#### RECORD EXCERPTS

- - - -

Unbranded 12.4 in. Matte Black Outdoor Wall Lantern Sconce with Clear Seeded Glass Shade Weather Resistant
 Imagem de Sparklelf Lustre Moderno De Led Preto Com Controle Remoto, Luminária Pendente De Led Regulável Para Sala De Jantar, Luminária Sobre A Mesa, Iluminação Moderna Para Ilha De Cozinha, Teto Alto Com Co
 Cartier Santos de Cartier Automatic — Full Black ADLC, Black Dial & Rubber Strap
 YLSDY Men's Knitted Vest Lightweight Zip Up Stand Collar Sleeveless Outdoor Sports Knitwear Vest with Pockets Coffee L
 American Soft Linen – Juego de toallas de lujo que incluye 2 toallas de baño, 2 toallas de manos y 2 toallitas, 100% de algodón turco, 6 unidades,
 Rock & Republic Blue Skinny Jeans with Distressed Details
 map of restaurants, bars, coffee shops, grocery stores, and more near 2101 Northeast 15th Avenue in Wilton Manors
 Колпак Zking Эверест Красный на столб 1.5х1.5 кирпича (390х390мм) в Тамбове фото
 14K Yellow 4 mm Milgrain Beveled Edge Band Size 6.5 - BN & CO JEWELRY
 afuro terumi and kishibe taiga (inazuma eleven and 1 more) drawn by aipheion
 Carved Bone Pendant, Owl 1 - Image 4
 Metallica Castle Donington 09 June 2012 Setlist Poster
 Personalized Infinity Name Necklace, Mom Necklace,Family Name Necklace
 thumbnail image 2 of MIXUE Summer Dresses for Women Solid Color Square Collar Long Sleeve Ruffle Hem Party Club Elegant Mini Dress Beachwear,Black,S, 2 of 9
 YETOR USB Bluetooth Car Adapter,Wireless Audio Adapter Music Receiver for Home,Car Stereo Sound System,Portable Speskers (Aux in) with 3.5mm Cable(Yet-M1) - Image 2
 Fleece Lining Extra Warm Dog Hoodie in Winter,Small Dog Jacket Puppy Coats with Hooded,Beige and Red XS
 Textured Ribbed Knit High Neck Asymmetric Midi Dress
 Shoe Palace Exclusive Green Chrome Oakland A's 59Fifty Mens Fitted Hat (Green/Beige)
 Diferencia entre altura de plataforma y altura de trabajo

- - - -

#### REQUIREMENT
Give back the entries above exactly as they are, from their first line through the line that contains "Imagem de Sparklelf", both included, with nothing else.

#### ANSWER SPACE
Unbranded 12.4 in. Matte Black Outdoor Wall Lantern Sconce with Clear Seeded Glass Shade Weather Resistant
 Imagem de Sparklelf Lustre Moderno De Led Preto Com Controle Remoto, Luminária Pendente De Led Regulável Para Sala De Jantar, Luminária Sobre A Mesa, Iluminação Moderna Para Ilha De Cozinha, Teto Alto Com Co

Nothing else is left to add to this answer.